De enige kandidaten die eigenlijk in aanmerking komen om zo’n hoeveelheid energie op te wekken, zijn asymmetrische, relativistische super- of hypernovae of op elkaar botsende dubbelster systemen, zoals neutronenster - neutronenster of neutronenster- zwart gat systemen.
In het eerste geval stort een enorme, roterende ster van zo’n 200 zonmassa’s in elkaar tot een zwart gat en een schijf van puin, waaruit een bundel geladen deeltjes en straling met relavistische snelheden wegschiet. Dit soort gebeurtenissen wordt ook wel collapsers genoemd. Een voordeel van deze modellen is dat de energie gebundeld is, waardoor de benodigde energie in de bursts, geïmpliceerd door onze waarnemingen op Aarde, een factor 1 000 lager zou liggen dan bovengenoemde. Waarnemingen van een aantal GRB’s duiden op een dergelijke bundeling van de energie.
De tweede mogelijke bron van een GRB zijn versmeltende (neutronen-) dubbelsterren. Van deze dubbelsterren is meer bekend dan van de zogenaamde collapsers. Zo volgt bijvoorbeeld uit gedetailleerde N-lichamen berekeningen voor sterrenstelsels, waarin de sterevolutie en bewegingen van alle sterren worden doorgerekend, dat botsende neutronensterren circa één keer per 10 000 tot een miljoen jaar plaatsvinden per sterrenstelsel. BATSE nam ongeveer 10 miljard sterrenstelses waar, en zou dus zo’n 1 000 GRB’s per jaar moeten zien. Dit is inderdaad het geval.
Door het verlies van gravitatie-energie bewegen zulke neutronen-sterren in een spiraal naar elkaar toe (het eerste sterke bewijs van de Algemene Relativiteitstheorie), en versmelten uiteindelijk tot een zwart gat. Vlak voordat het uiteindelijke zwarte gat wordt gevormd, kan zelfs zonder bundeling 1046 Joule aan energie vrijkomen. Deze energie komt echter voornamelijk vrij als neutrino’s, anti-neutrino’s en gravitatie-straling, die op één of andere manier nog moet worden omgezet in gamma fotonen. Eén manier om dit te bewerkstelligen, is wanneer neutrino’s botsen met anti-neutrino’s. Hierbij worden elektron-positron paren gecreëerd, die, wanneer zij op hun beurt op elkaar botsen, annihileren tot gammafotonen. Dit is echter een bijzonder inefficiënt proces en waarschijnlijk niet genoeg om de waargenomen hoeveelheid gammastraling op te wekken. Vooral niet omdat het hier nog om een geïdealiseerd beeld gaat: wanneer de vuurbal behalve (anti-) neutrino’s ook zwaardere deeltjes, zoals protonen, bevat, is het veel waarschijnlijker dat alle energie in de kinetische energie van de protonen gaat zitten dan in gammastraling.

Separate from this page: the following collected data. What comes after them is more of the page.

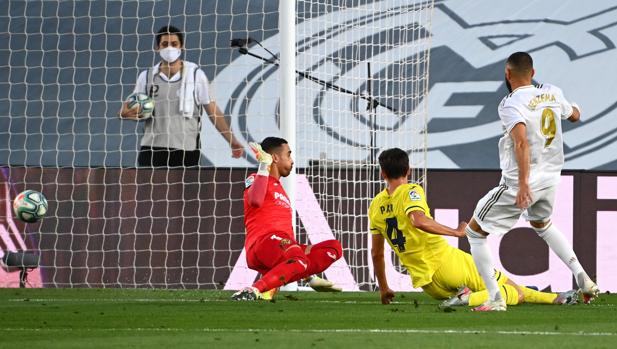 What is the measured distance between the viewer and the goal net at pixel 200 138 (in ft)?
39.8

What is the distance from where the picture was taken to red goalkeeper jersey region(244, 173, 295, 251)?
30.0 feet

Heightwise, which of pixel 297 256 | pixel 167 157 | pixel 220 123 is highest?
pixel 220 123

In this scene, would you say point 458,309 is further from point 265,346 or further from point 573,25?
point 573,25

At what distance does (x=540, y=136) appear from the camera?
26.2 ft

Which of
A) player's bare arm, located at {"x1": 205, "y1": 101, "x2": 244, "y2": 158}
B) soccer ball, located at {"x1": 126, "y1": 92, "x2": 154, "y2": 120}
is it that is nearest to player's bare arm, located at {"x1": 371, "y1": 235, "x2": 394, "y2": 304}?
player's bare arm, located at {"x1": 205, "y1": 101, "x2": 244, "y2": 158}

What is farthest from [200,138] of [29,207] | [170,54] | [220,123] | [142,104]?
[29,207]

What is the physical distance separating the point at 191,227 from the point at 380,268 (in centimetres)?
392

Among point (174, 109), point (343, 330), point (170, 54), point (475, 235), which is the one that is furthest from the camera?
point (170, 54)

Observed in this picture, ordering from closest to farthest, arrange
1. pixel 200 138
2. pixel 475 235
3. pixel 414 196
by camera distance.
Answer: pixel 475 235
pixel 414 196
pixel 200 138

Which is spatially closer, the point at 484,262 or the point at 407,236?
the point at 484,262

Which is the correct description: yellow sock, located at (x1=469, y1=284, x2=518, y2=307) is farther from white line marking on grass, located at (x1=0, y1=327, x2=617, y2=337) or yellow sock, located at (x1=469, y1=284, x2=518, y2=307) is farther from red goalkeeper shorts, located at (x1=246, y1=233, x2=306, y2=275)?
white line marking on grass, located at (x1=0, y1=327, x2=617, y2=337)

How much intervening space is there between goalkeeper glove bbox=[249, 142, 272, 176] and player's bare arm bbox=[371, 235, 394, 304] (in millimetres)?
913

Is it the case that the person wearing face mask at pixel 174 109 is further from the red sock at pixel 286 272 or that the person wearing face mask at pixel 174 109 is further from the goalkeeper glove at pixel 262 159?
the red sock at pixel 286 272

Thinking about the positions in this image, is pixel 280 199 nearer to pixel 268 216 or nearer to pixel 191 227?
pixel 268 216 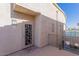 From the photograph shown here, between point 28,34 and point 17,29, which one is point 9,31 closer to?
point 17,29

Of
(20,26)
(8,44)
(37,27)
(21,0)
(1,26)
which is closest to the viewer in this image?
(1,26)

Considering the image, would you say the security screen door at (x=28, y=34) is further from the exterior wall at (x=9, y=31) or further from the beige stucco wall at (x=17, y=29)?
the exterior wall at (x=9, y=31)

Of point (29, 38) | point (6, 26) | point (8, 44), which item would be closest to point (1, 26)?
point (6, 26)

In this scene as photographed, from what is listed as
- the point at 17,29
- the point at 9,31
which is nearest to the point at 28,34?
the point at 17,29

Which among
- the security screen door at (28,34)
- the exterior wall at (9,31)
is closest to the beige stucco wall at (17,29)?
the exterior wall at (9,31)

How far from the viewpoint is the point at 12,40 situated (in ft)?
18.0

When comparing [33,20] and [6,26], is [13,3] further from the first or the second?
[33,20]

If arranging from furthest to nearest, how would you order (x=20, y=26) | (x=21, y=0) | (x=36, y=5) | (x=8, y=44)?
(x=36, y=5)
(x=20, y=26)
(x=21, y=0)
(x=8, y=44)

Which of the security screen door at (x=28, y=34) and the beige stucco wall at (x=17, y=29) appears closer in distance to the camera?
the beige stucco wall at (x=17, y=29)

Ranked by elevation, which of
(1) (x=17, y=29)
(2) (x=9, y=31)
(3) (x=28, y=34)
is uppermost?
(1) (x=17, y=29)

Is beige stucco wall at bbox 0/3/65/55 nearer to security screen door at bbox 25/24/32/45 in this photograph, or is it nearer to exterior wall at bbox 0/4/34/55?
exterior wall at bbox 0/4/34/55

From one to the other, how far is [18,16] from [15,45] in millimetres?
1637

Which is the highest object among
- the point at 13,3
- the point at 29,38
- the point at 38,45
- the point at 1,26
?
the point at 13,3

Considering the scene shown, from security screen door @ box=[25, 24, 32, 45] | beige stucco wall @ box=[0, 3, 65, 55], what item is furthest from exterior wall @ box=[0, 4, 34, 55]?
security screen door @ box=[25, 24, 32, 45] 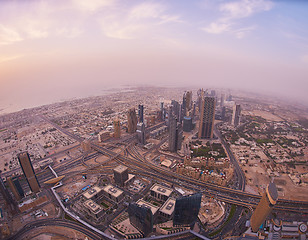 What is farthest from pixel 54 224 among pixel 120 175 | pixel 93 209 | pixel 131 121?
pixel 131 121

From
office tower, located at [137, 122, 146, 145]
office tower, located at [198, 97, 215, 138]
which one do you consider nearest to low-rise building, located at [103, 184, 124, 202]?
office tower, located at [137, 122, 146, 145]

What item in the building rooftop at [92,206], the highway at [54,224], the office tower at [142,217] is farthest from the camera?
the building rooftop at [92,206]

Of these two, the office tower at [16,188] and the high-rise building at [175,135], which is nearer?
the office tower at [16,188]

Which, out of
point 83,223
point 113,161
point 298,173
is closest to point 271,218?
point 298,173

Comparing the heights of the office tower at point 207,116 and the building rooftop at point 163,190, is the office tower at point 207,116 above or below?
above

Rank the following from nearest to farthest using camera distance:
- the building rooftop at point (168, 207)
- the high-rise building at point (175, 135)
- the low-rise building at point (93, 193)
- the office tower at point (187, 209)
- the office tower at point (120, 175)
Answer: the office tower at point (187, 209) < the building rooftop at point (168, 207) < the low-rise building at point (93, 193) < the office tower at point (120, 175) < the high-rise building at point (175, 135)

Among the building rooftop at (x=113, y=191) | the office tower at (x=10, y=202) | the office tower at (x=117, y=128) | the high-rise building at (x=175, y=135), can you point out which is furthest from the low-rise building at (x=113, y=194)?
the office tower at (x=117, y=128)

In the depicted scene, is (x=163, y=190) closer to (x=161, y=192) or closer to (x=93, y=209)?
(x=161, y=192)

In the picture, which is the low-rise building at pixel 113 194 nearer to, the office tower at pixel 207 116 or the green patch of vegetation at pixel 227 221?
the green patch of vegetation at pixel 227 221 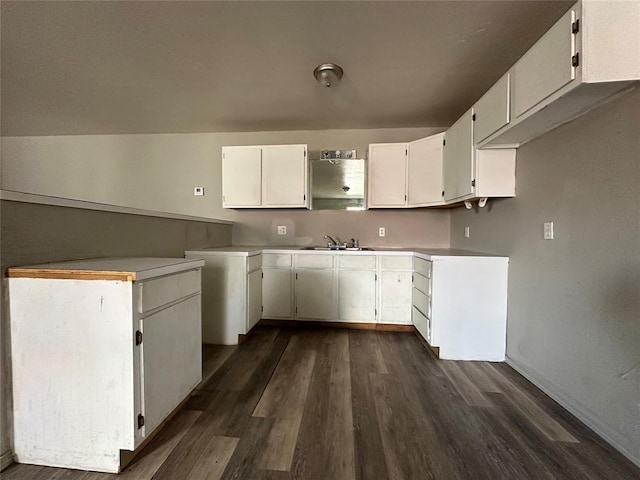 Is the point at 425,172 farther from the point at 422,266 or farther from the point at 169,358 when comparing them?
the point at 169,358

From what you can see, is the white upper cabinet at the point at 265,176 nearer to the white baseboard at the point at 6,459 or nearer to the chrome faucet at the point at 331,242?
the chrome faucet at the point at 331,242

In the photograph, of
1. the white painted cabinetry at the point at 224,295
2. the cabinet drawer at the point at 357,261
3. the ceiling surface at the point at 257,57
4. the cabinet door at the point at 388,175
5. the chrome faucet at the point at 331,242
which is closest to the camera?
the ceiling surface at the point at 257,57

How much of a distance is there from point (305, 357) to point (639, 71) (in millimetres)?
2432

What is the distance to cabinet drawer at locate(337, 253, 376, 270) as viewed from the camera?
288 cm

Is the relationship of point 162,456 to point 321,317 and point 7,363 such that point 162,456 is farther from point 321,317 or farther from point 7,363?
point 321,317

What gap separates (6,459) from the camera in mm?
1139

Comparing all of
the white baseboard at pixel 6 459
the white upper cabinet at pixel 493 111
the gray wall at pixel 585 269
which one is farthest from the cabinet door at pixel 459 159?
the white baseboard at pixel 6 459

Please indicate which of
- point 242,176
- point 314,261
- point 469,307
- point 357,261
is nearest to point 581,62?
point 469,307

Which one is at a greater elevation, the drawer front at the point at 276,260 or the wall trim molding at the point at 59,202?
the wall trim molding at the point at 59,202

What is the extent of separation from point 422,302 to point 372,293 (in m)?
0.55

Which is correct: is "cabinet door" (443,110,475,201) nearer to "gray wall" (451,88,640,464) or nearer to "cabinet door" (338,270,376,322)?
"gray wall" (451,88,640,464)

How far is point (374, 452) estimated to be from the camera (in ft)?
4.13

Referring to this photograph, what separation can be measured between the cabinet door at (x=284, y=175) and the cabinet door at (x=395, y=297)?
49.2 inches

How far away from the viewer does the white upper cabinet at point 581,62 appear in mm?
1100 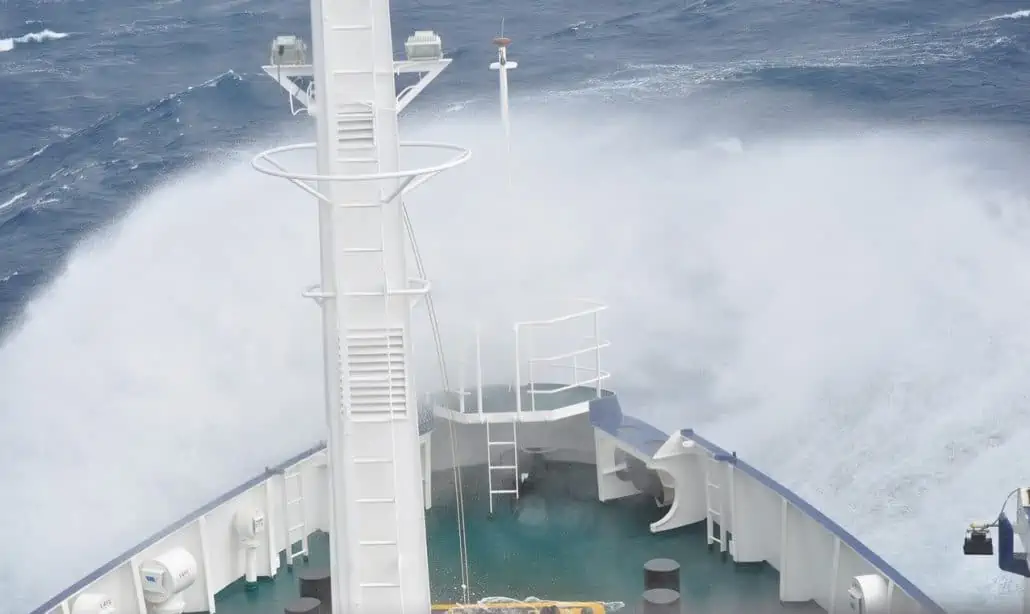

Een alternatieve theorie is dan ook voorgesteld waarin de vuurbal hoofdzakelijk uit hele protonen bestaat, en zich met relativistische snelheid door de ruimte uitzet. Dit veroorzaakt schokgolven met extreme electromagnetische velden, waarin elektronen versneld kunnen, en daardoor gamma straling uitzenden.